[Web page caption snippets]
--- START ---
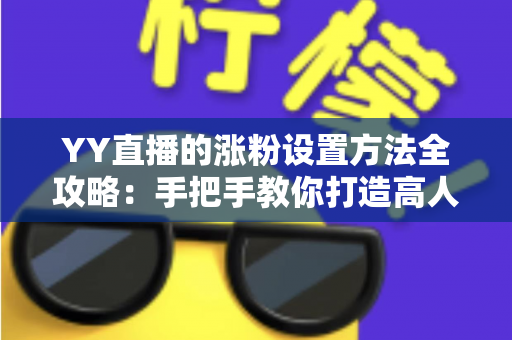 YY直播的涨粉设置方法全攻略：手把手教你打造高人气直播间的实用指南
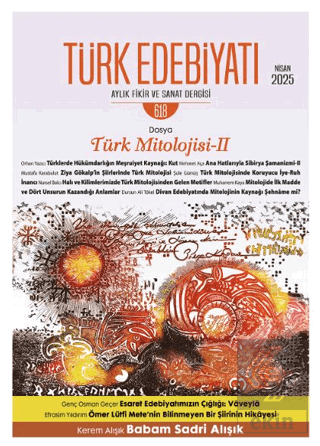 Türk Edebiyatı Aylık Fikir ve Sanat Dergisi Sayı: 618 Nisan 2025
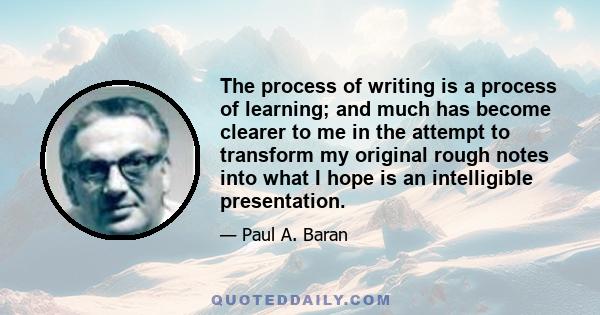 The process of writing is a process of learning; and much has become clearer to me in the attempt to transform my original rough notes into what I hope is an intelligible presentation.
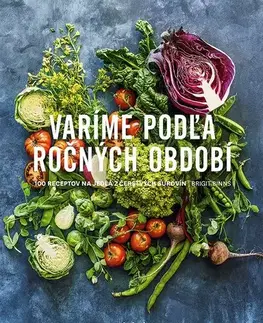Kuchárky - ostatné Varíme podľa ročných období - Brigit Binns
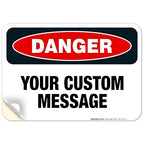 Custom Danger Sign, OSHA Sign, 10x7 Inches, 4 Mil Vinyl Decal Stickers Weather by SigoSigns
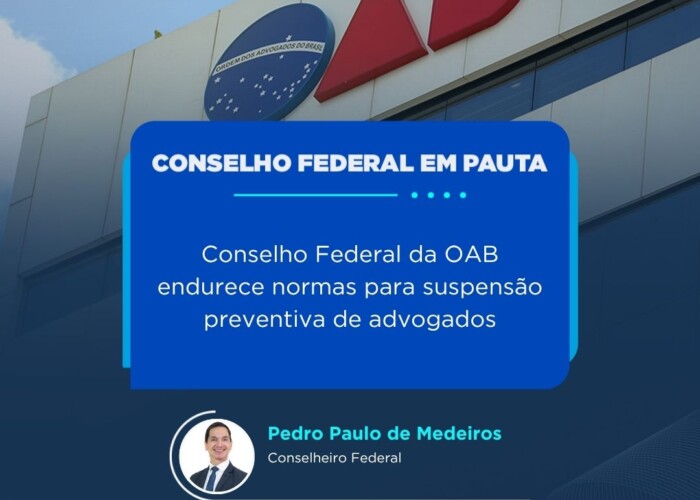 Conselho Federal da OAB endurece normas para suspensão preventiva de advogados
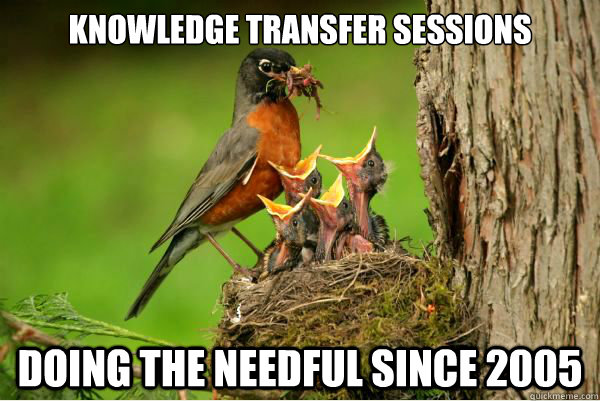 knowledge transfer sessions doing the needful since 2005 - knowledge transfer sessions doing the needful since 2005  KT Sessions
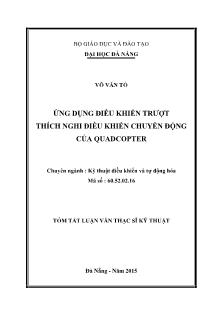 Tóm tắt Luận văn Ứng dụng điều khiển trượt thích nghi điều khiển chuyển động của Quadcopter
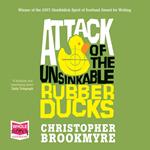 Attack of the Unsinkable Rubber Ducks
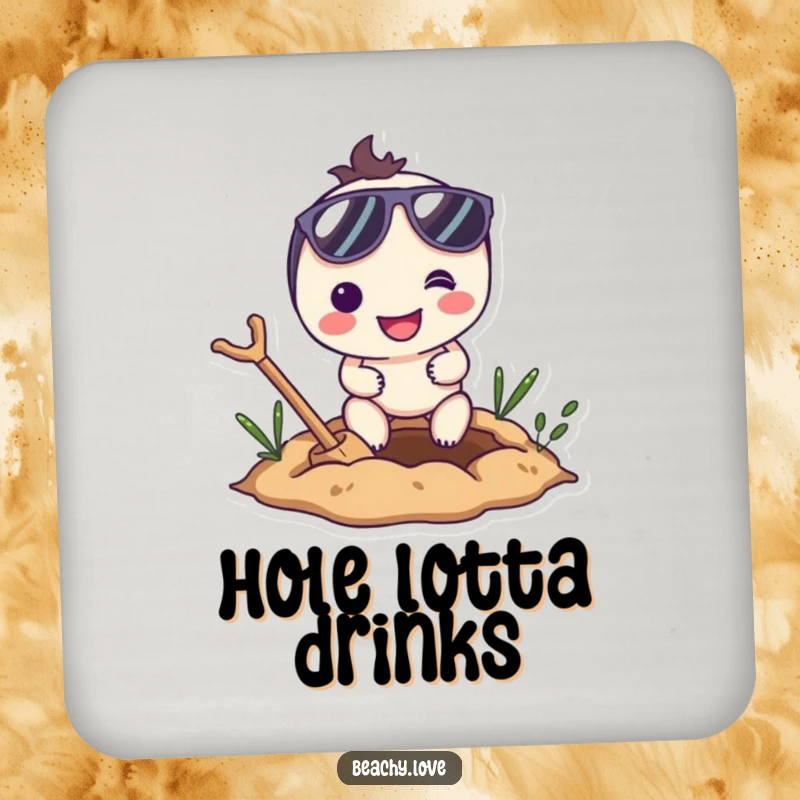 Funny drink coaster with a smiling character wearing sunglasses, enthusiastically digging a hole, protecting tables with humor.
--- END ---
• [WHAT THE EXERCISE ASKS] Copy word for word the lines above, starting at the line containing "The process of" and ending at the line containing "Kuchárky - ostatné", inclusive, with no pictures.

• [FINAL ANSWER]
 The process of writing is a process of learning; and much has become clearer to me in the attempt to transform my original rough notes into what I hope is an intelligible presentation.
Kuchárky - ostatné Varíme podľa ročných období - Brigit Binns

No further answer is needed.